## What you have to do
Reproduce, exactly and only, the lines of the data that follows from the one containing "Munich Mu 19089 244 Gafas De Sol Azul-Plata" down to the one containing "Tianbi Digital Pulse", without pictures.

## Listed entries
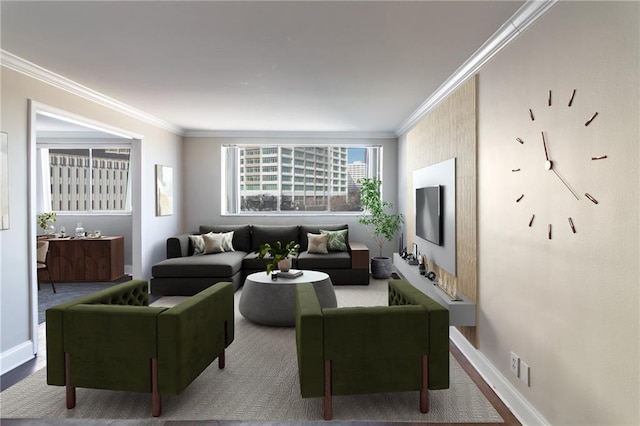 215 Piedmont Ave NE Unit 502, Atlanta, GA 30308 - living area with crown molding and baseboards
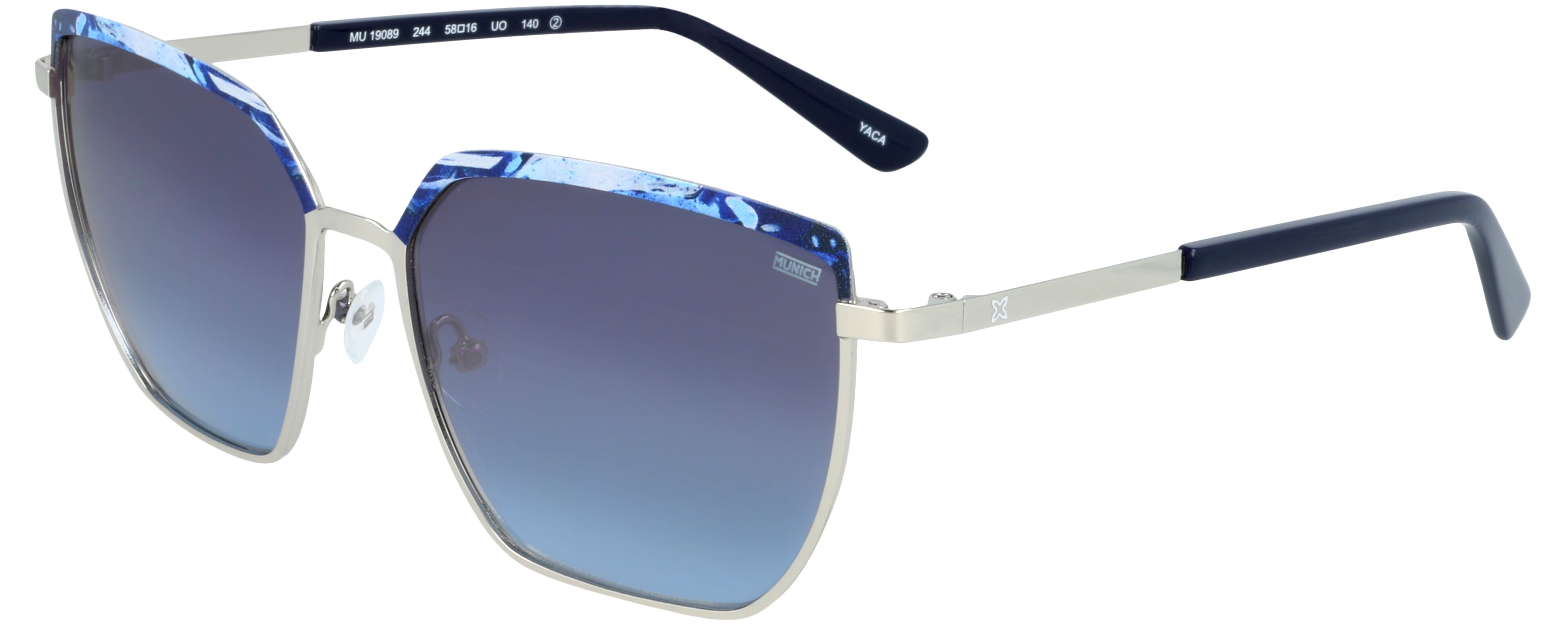 Munich Mu 19089 244 Gafas De Sol Azul-Plata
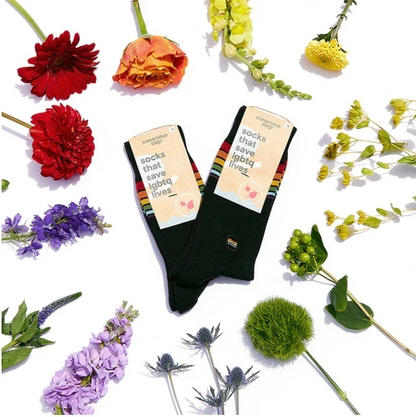 Socks that Save LGBTQ Lives Stripes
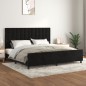 vidaXL Estructura de cama con cabecero de terciopelo negro 200x200 cm vidaXL Estructura de cama con cabecero de terciopelo negro 200x200 cm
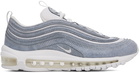 Comme des Garçons Homme Plus Gray Nike Edition Air Max 97 Sneakers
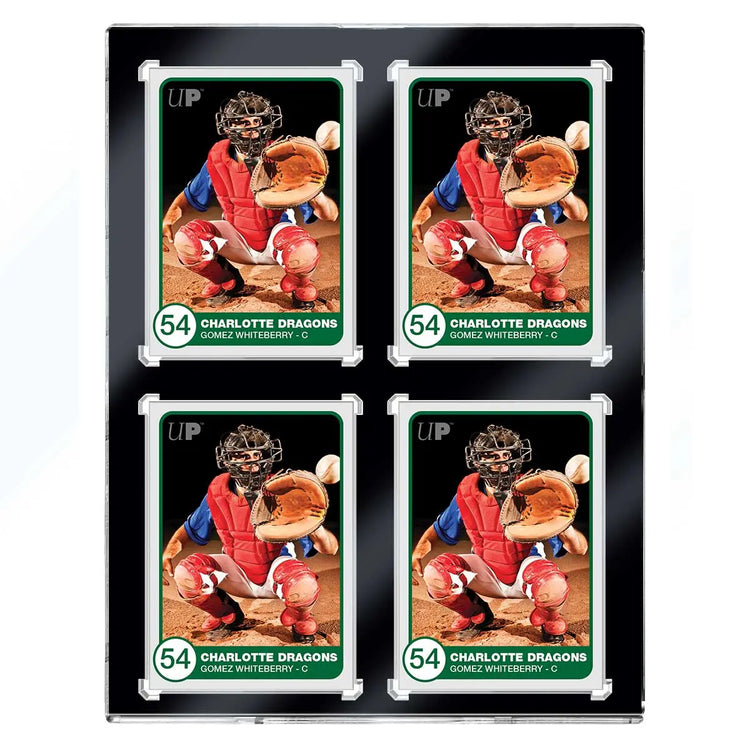 Ultra Pro One Touch 3x5 4 Card UV Black Bordered 35pt 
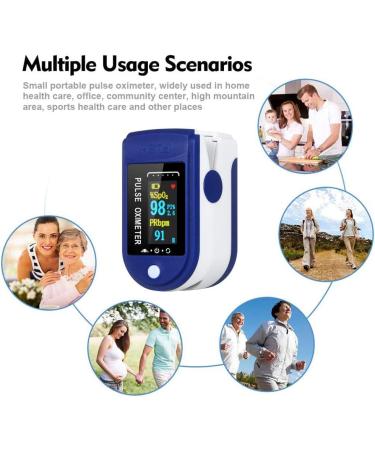Tianbi Digital Pulse Sensor - Mini Pulse Oximeter for Home & Travel - Accurate Blood Oxygen Saturation Monitor (Blue #01) - Buy Online on GoSupps.com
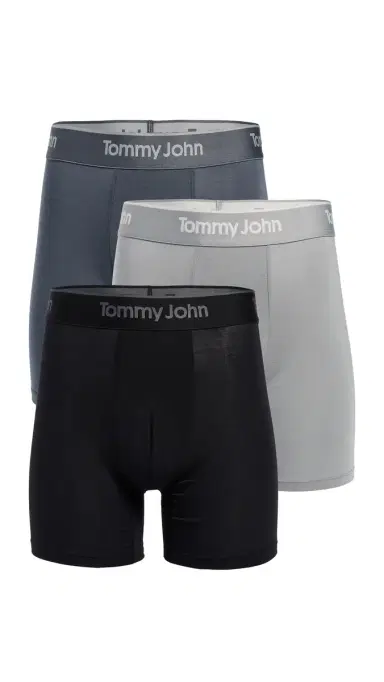 Tommy John econd kin 6 Boxer Briefs 3 Pack Black/Turbulence/Monument | Thumbnail 6
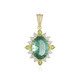 Pendentif en argent et Fluorite verte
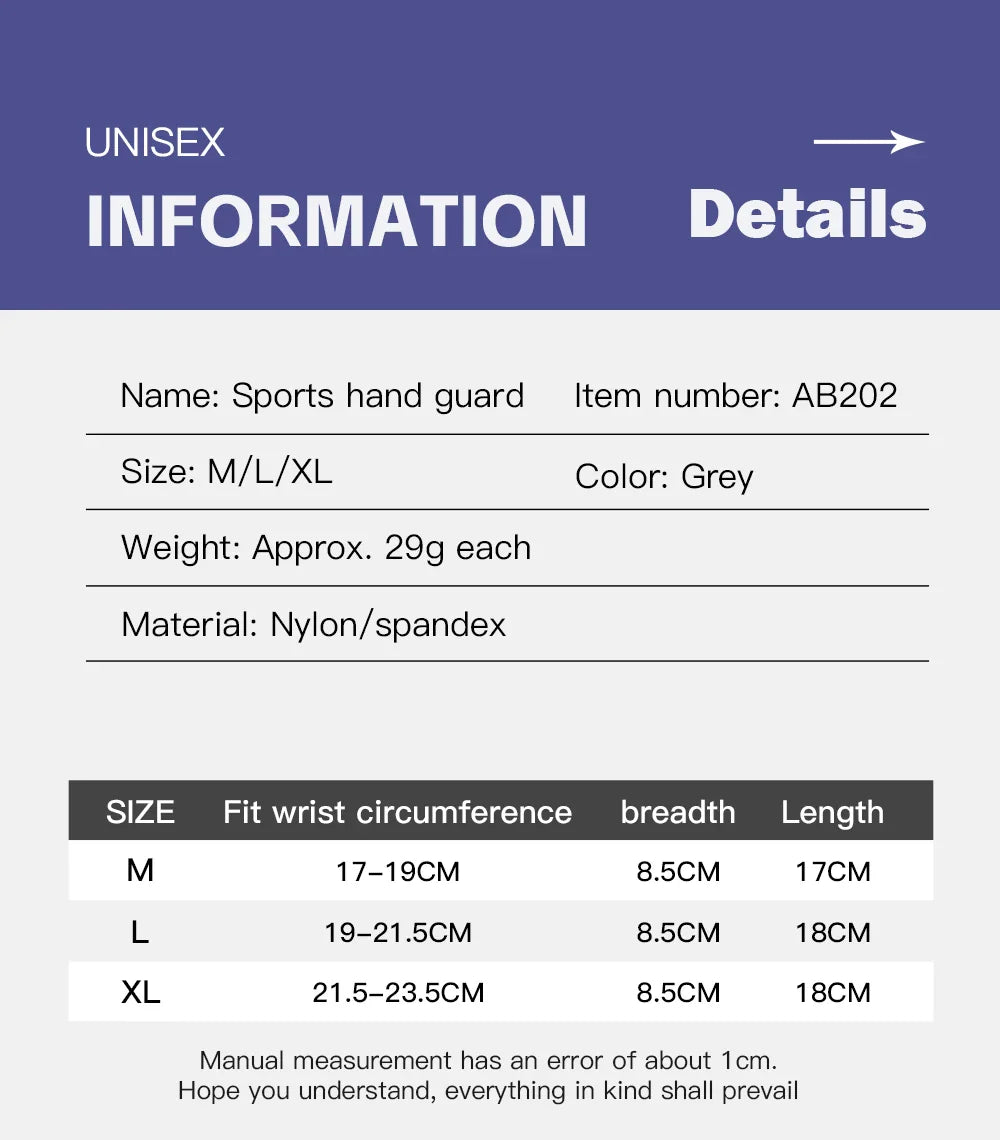 Adjustable Gym Wristband & Palm Guard — Sports Wrist Support Brace with Compression Gloves for Carpal Tunnel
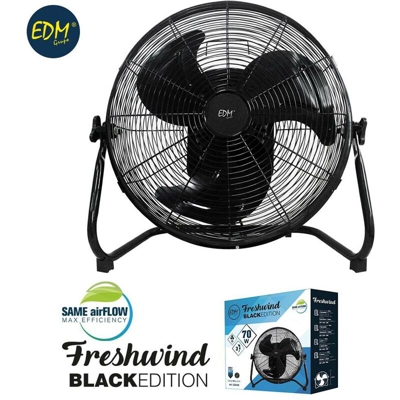 Edm Grupo - Ventilatore industriale oscillante ø45cm 70w serie nera EDM 33948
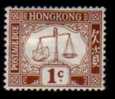 HONG KONG   Scott   #  J 1*  VF MINT Hinged - Timbres-taxe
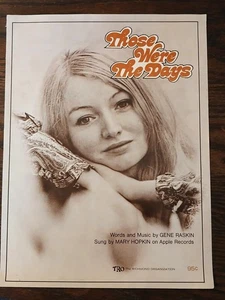 THOSE WERE THE DAYS - Mary Hopkin - 1968 Essex Partituras - Imagen 1 de 4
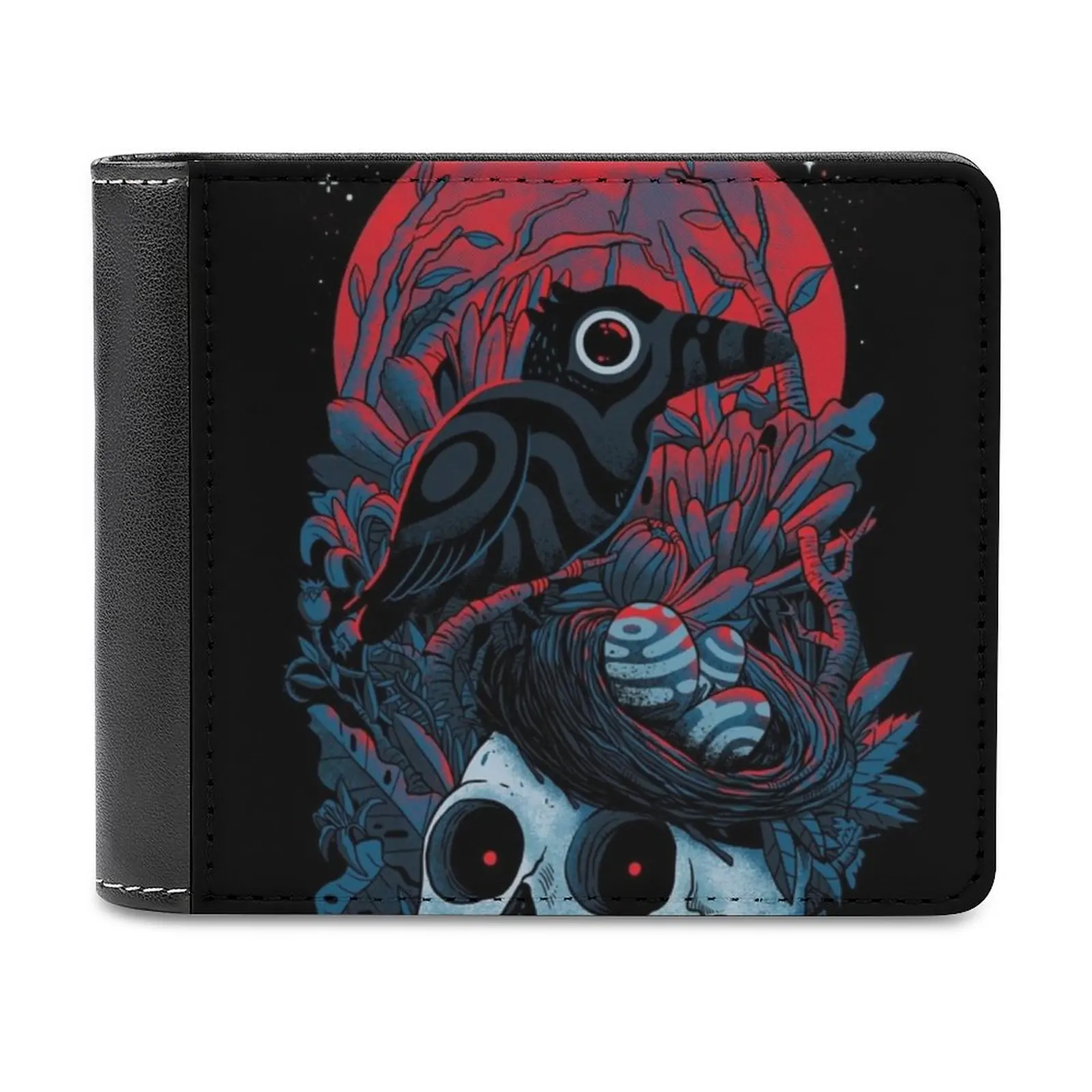 

Мягкие мужские кошельки Rebirth, новый кошелек, держатели для кредитных карт, мужские кошельки, мужской кошелек с черепом, жизнь за пределами птицы, странный мистик, редлуна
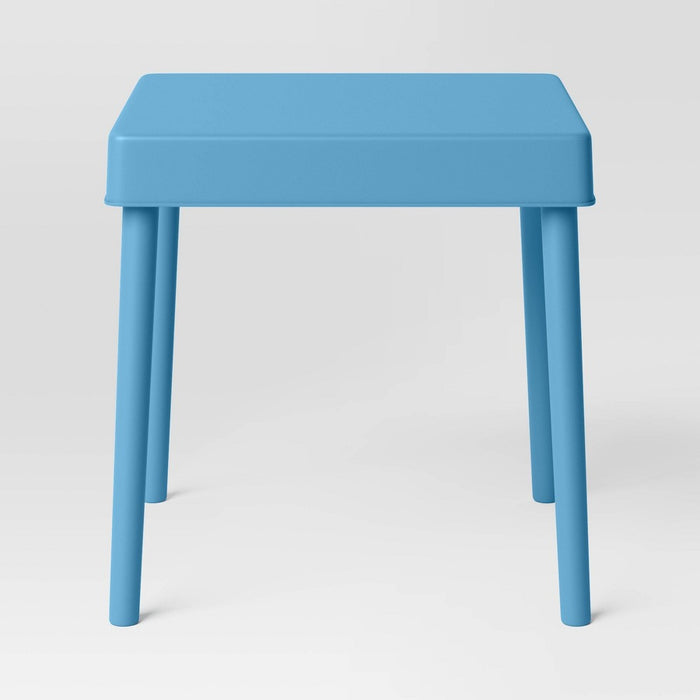 Square Elba Outdoor Patio Accent Table Quilt Blue - Room Essentials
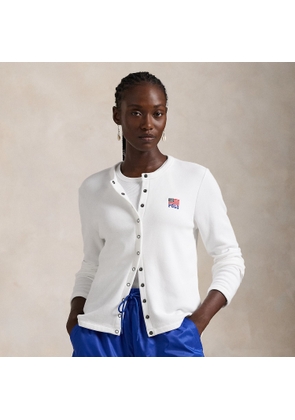 Logo Flag French Terry Cardigan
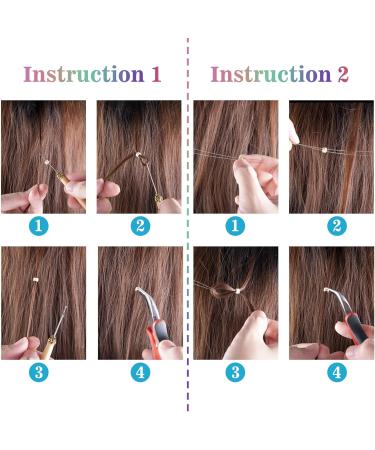 FEQO Hair Tinsel Kit with 3600 Strands Hair Tinsel 48 Inches 18 Colours Heat Resistant Sparkle Shiny Tinsel Hair Extensions Micro Beads Pulling Loop Needle and Plier for Women Girls Multi 18 colors - Buy Online on GoSupps.com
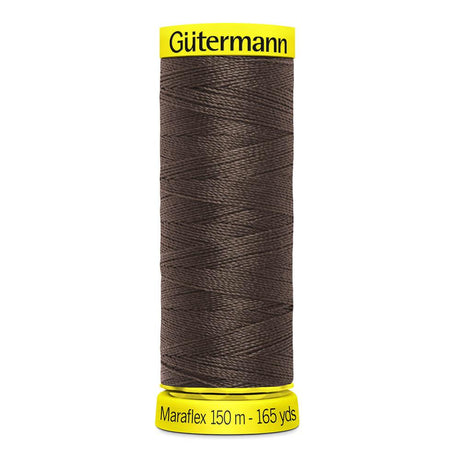 Maraflex Nähfaden - elastischer Nähfaden für hochelastische Nähte, hergestellt aus 100% PBT mit Micro Core Technology, ideal für Bekleidung. Braun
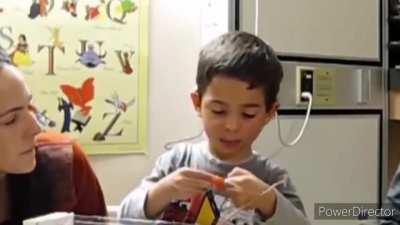 A deaf kid hears for the first time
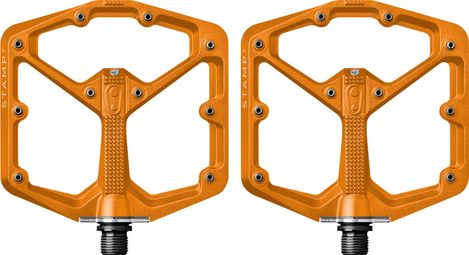 Crankbrothers Stamp 7 Large Flat Pedals Orange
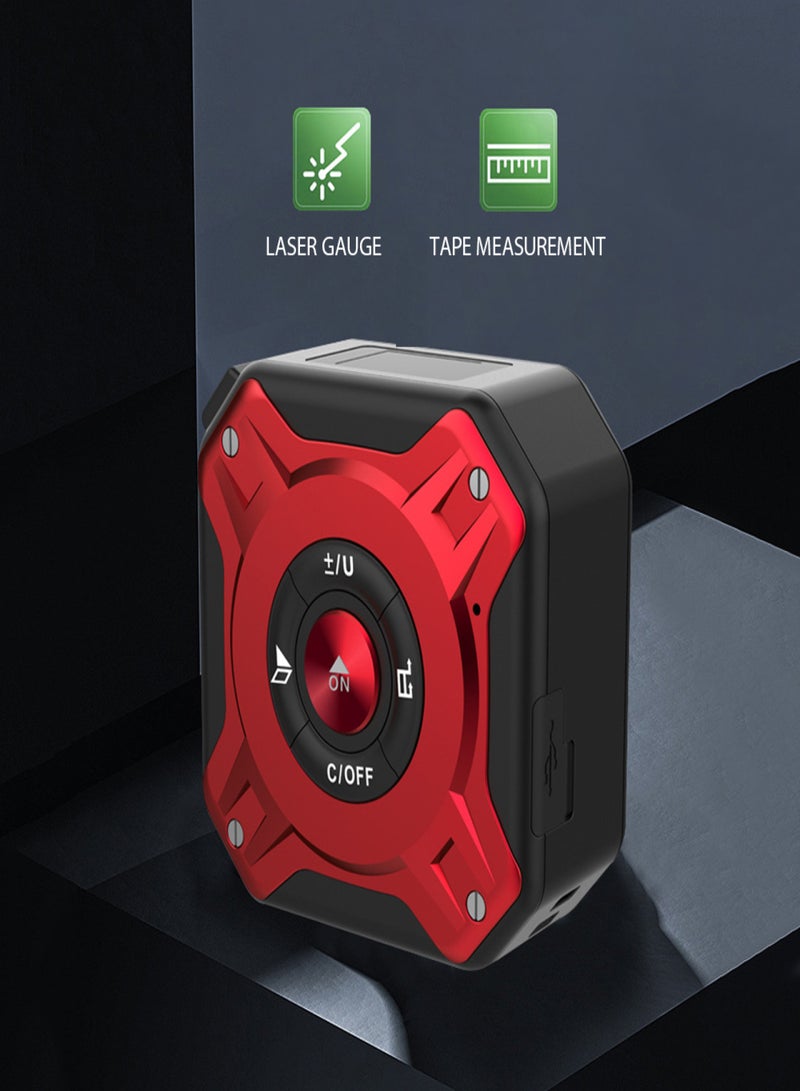 Generic in 1 Tape Measure Digital Ranger Finder 16Ft Measuring Tape 131Ft Rechargeable Multi Function Measure Distance/ Area/ Volume/ Pythagorean, Unit Switching, Data Storage - Image 4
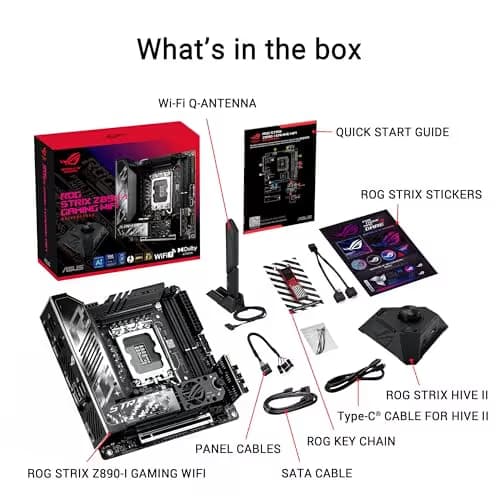 Asus ROG STRIX Z890-I GAMING WIFI DDR5 Mini ITX image
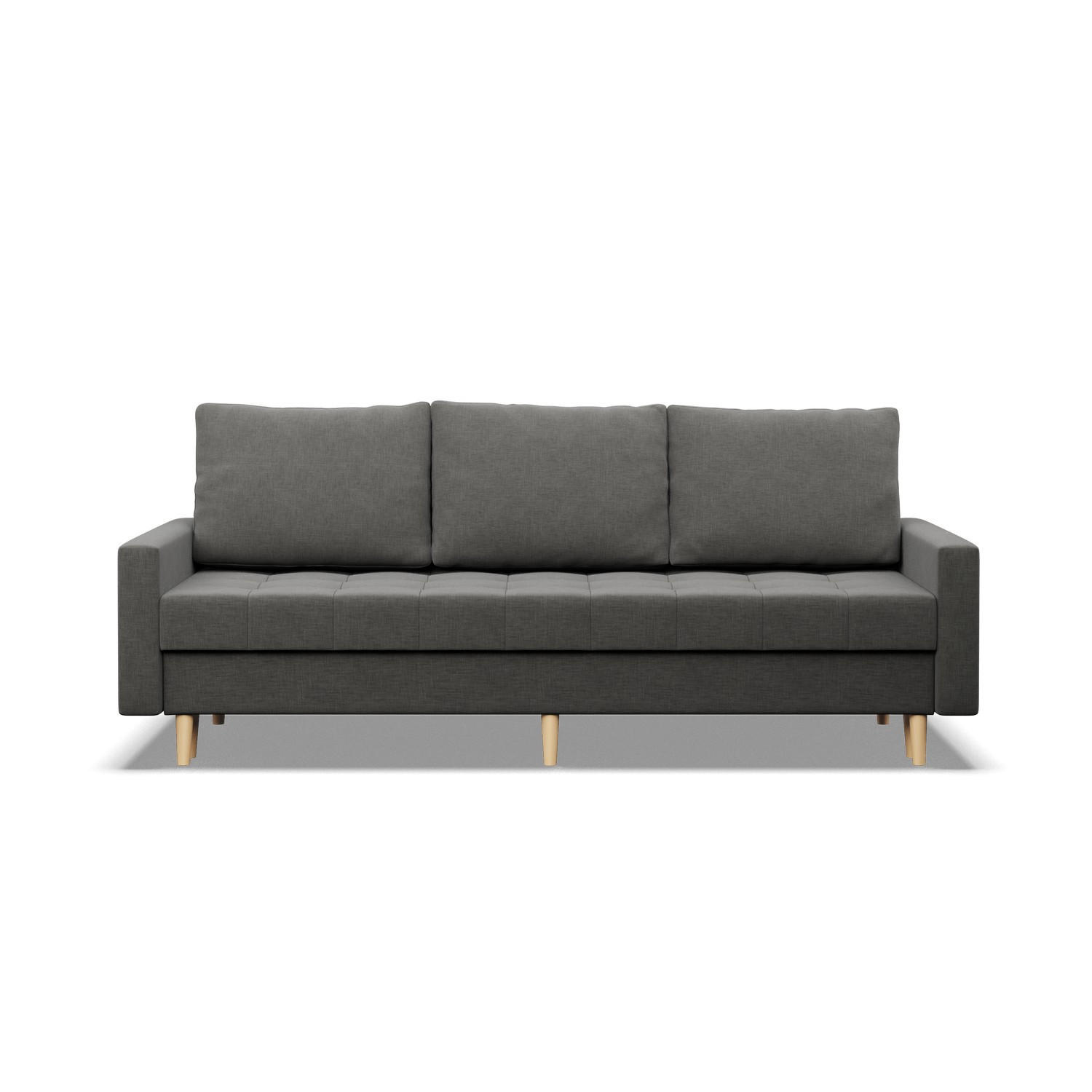 SOFA 3-SITZER MIT SCHLAFFUNKTION ELMA, Dunkelgrau - Dunkelgrau, Textil (212/88/92cm)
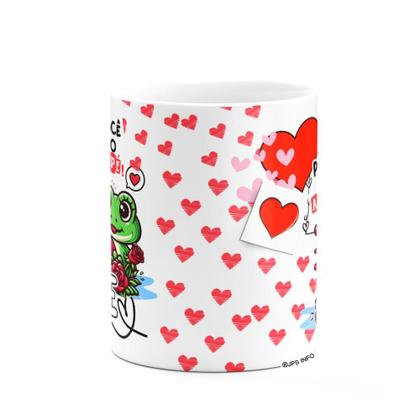Imagem de Caneca Namorados - Por você eu lavo até o pé! Sapinhos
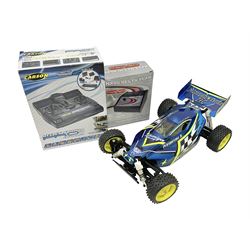 Tamiya - Plasma Edge II radio controlled car together with boxed NX86 Delta Peak AC/DC fast charger and Carson Reflex Stick Pro 3.1 Elektro Set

## Result for this task
 Munich Mu 19089 244 Gafas De Sol Azul-Plata
 Socks that Save LGBTQ Lives Stripes
 vidaXL Estructura de cama con cabecero de terciopelo negro 200x200 cm vidaXL Estructura de cama con cabecero de terciopelo negro 200x200 cm
 Comme des Garçons Homme Plus Gray Nike Edition Air Max 97 Sneakers
 Ultra Pro One Touch 3x5 4 Card UV Black Bordered 35pt 
Tianbi Digital Pulse Sensor - Mini Pulse Oximeter for Home & Travel - Accurate Blood Oxygen Saturation Monitor (Blue #01) - Buy Online on GoSupps.com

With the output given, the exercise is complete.